Rambus will provide double data rate (DDR) and graphics DDR (GDDR) memory controller interface designs that will reduce the amount of time needed by chipset manufacturers to design DDR memory controllers of their own.
Memory controller interfaces are needed to regulate data travelling between a PC or graphics processor and the memory modules in a system.
Rambus already sells interface designs for its own Rambus dynamic RAM (RDRAM) and extreme data rate (XDR) standards, but is now embracing DDR and GDDR products made by companies that Rambus has seen in court on a regular basis over the past three years.
Rambus develops designs for memory chips that other companies license to build products. The company has had a limited degree of success thus far with RDRAM and its newest XDR DRAM standard, a situation Rambus blamed in an anti-trust lawsuit filed last week on collaborative efforts among DRAM vendors to cripple RDRAM.
Rambus also claims that DDR memory infringes on several of its patents, and has sued several DRAM companies that did not license its technology in hopes of collecting royalties on all DDR memory chips.
The DRAM vendors argue that Rambus improperly deceived the DDR standards-setting organisation into adopting technology for which Rambus held patents, as a way of ensuring future revenue.

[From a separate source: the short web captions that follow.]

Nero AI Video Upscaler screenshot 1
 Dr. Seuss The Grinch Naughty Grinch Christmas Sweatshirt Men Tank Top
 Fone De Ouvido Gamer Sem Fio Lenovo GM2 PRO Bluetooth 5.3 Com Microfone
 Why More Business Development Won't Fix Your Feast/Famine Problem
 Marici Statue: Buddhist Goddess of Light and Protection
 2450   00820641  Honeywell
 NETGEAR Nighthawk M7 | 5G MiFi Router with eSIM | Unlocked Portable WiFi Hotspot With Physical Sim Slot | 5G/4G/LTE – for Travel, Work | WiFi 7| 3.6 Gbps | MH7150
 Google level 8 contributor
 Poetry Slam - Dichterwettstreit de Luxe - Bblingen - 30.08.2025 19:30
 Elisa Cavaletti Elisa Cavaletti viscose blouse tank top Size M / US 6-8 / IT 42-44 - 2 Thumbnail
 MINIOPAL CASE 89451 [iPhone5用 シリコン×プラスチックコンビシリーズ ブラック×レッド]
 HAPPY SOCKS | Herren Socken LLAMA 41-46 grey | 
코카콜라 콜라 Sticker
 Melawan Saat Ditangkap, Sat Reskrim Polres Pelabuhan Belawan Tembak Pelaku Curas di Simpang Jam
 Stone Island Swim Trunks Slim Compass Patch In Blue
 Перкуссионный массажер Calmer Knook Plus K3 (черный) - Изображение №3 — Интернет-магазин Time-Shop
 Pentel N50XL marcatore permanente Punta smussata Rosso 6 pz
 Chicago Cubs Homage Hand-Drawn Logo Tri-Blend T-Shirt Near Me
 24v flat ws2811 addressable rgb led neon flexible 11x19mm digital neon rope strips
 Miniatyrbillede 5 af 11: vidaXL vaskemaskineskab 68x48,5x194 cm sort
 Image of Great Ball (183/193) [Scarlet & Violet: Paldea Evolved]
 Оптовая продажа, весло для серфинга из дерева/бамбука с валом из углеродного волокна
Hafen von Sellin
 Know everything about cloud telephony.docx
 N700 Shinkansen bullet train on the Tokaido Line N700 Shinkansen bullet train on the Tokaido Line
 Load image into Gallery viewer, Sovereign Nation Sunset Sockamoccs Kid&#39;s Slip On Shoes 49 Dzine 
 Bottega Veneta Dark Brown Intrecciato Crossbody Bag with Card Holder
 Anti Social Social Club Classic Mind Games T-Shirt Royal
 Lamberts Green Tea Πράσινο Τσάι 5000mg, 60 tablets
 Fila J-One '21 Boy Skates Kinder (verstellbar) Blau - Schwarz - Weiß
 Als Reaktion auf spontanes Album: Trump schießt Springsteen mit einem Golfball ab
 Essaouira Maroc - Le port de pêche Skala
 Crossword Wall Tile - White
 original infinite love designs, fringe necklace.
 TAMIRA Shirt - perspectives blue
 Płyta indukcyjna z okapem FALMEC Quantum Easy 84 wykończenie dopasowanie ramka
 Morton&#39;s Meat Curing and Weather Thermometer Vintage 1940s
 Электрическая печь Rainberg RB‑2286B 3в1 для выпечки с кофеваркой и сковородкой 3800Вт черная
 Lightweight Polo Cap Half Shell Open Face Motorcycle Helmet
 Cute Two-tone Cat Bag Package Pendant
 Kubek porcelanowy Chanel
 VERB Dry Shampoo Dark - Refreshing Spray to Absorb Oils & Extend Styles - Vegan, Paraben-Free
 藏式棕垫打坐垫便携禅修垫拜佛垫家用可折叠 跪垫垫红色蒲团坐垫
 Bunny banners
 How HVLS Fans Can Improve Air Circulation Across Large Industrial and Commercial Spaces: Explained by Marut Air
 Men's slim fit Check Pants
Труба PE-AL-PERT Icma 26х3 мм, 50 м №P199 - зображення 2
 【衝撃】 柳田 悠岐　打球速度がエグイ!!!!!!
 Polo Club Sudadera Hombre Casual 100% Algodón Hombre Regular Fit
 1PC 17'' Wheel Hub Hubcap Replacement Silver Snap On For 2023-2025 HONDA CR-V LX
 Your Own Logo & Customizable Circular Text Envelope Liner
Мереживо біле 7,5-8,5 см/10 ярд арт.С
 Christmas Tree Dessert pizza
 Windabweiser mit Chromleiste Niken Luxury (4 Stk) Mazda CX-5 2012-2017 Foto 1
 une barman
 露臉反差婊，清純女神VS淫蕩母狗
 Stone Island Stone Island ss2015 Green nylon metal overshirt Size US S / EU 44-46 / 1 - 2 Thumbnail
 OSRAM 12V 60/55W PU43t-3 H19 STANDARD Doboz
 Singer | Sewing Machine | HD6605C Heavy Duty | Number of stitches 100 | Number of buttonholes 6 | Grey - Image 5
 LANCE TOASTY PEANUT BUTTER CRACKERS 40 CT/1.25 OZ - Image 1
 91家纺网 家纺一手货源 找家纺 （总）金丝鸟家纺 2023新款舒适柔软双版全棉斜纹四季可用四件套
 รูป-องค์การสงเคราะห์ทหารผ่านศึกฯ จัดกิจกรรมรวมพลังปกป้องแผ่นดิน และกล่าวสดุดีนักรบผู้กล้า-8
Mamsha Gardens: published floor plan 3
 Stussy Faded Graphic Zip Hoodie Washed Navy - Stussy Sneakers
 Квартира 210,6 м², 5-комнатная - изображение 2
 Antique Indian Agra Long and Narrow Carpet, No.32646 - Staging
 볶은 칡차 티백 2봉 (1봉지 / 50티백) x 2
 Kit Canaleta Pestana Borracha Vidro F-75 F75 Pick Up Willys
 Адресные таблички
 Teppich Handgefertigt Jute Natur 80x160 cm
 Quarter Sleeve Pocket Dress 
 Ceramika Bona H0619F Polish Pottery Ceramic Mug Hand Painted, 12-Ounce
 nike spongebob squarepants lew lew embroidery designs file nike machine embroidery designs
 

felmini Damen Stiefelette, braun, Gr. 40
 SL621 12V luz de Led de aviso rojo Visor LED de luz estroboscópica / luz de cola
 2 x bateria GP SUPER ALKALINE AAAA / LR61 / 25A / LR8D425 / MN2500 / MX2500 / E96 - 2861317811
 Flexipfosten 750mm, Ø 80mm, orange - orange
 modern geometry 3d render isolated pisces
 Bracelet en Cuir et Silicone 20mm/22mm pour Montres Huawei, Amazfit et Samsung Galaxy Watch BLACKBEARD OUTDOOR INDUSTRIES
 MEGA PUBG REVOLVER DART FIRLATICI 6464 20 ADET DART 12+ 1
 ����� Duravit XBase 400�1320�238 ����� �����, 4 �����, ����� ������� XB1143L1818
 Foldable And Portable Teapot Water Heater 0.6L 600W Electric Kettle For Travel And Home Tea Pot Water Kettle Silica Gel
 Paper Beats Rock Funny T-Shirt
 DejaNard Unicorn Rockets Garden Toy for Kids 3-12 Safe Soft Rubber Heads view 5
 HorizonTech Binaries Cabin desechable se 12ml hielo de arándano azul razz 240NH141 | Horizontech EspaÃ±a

Those companies, such as Infineon, Micron and Hynix Semiconductor, claim RDRAM failed to take off due to its high cost and complexity.
Despite the legal drama, Rambus’ move acknowledged that DDR memory was here to stay as a dominant standard, and that Rambus could market its strengths in memory design to companies that wanted to use DDR chips in their products, director of product marketing at Rambus, Rich Warmke, said.
“This represents a slight shift in strategy for the company,” he said. “We’ll have RDRAM and XDR DRAM, but we’ll also have controllers that allow (PC and graphics chips) to connect to industry-standard DDR and GDDR.”